His eyes fixed upon a faded gray, worn wooden board, just above the ground. There was a small but substantial streak of dark brown clearly marring the wall. Almost maroon colored.
Dry, flaky.
Tommy stood up sharply. He had the presence of mind to spin about, once again checking to see if he was being observed.
His eyes inspected each of the men lingering within his sight line. It was possible, he realized, that none of them, or all of them, were keeping watch over what he was doing.
He calculated in his head rapidly, as he turned back to the small stain he'd noticed. He took a deep breath. If it was what he thought it was, and if he approached it, he knew he would be signaling something to the man who had killed Vincent Bedford, and it was not a signal, he was certain, he wanted anyone to read. There is a fine line, he thought, between defending a man by denial-by attacking the evidence against him and offering different explanations for actions-and the moment that the defense takes a different tack. Shifts its sails and sets off on the more dangerous course, where the finger of accusation is pointed at someone new. Tommy knew there were risks in stepping forward.

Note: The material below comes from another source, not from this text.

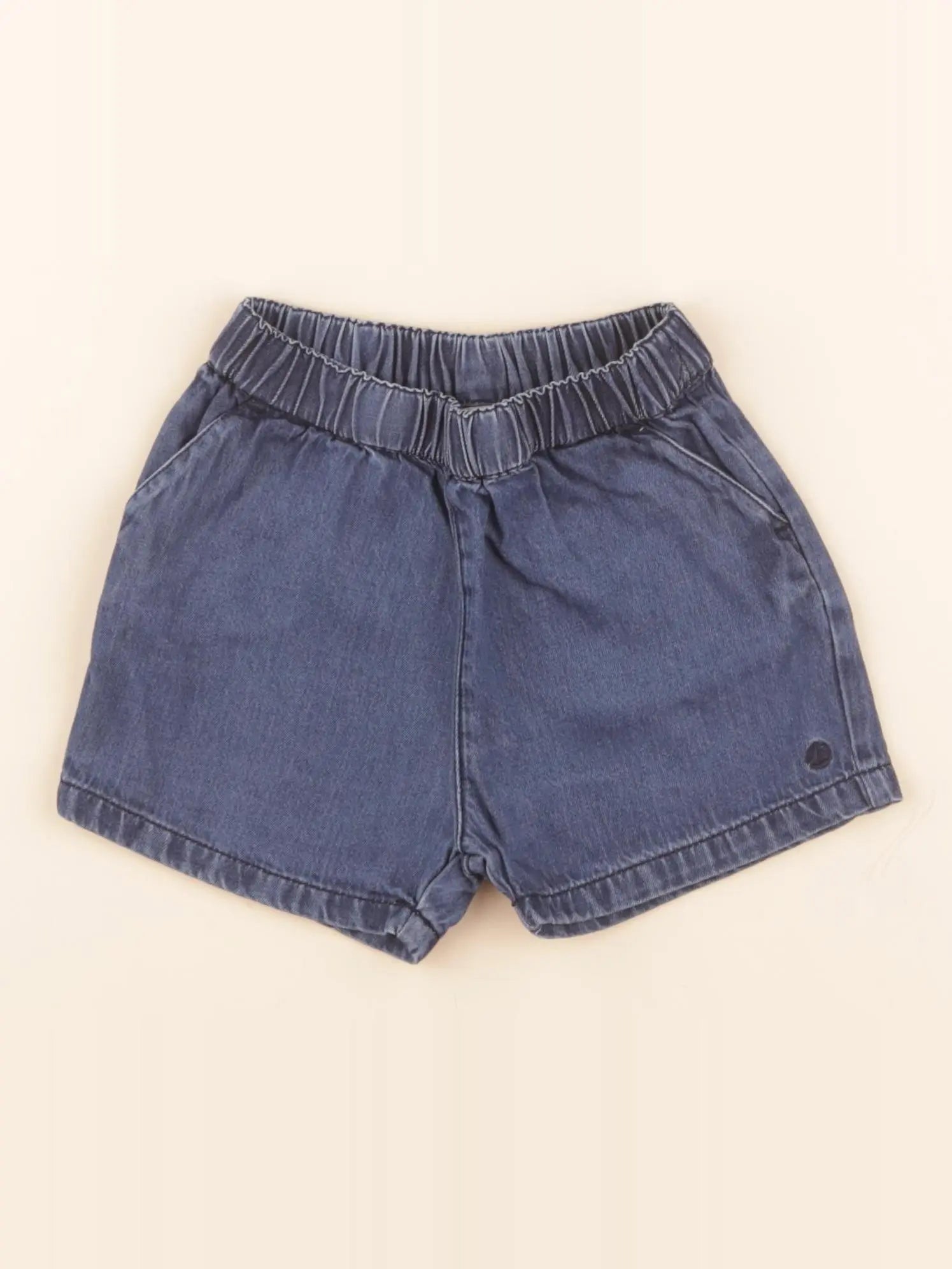 Short bleu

He glanced about, once again.
Then, shrugging inwardly, he picked his way amid the ill-tended rows of vegetables to the side of Hut 103. He knelt down, reaching for the wooden wallboard, touching the smear of dark with his fingertips.
His first touch persuaded him that it was dried blood.
Looking down, he ran his fingers through the dirt. Any other signs of death would have been absorbed, but this board had captured some. Not much, but some, nonetheless. He tried to picture the sequence at night. The man with the blade.
Vic's back turned. The swift jab, delivered assassination-style.
He thought: Vic must have jerked about and fallen, slumping in the arms of the man who killed him, bending just slightly, dripping his life away for a moment, unconscious, death hurrying to take possession of his heart.
Shuddering, Tommy turned once again to the wallboard.
He realized that the same angles that had created the darkness in the spot had also prevented the recent rain from washing away the bloodstain. This was, he thought, nastily ironic, and it filled him with a cold, harsh amusement.
For an instant, he was unsure what to do. If he'd had the Irish artist with him, he would tell him to sketch the spot. But he realized that the likelihood of him going and finding Colin Sullivan in the North Compound and then returning through the gate and finding the bloodstain untouched were slim. It was smarter to presume that someone was watching him.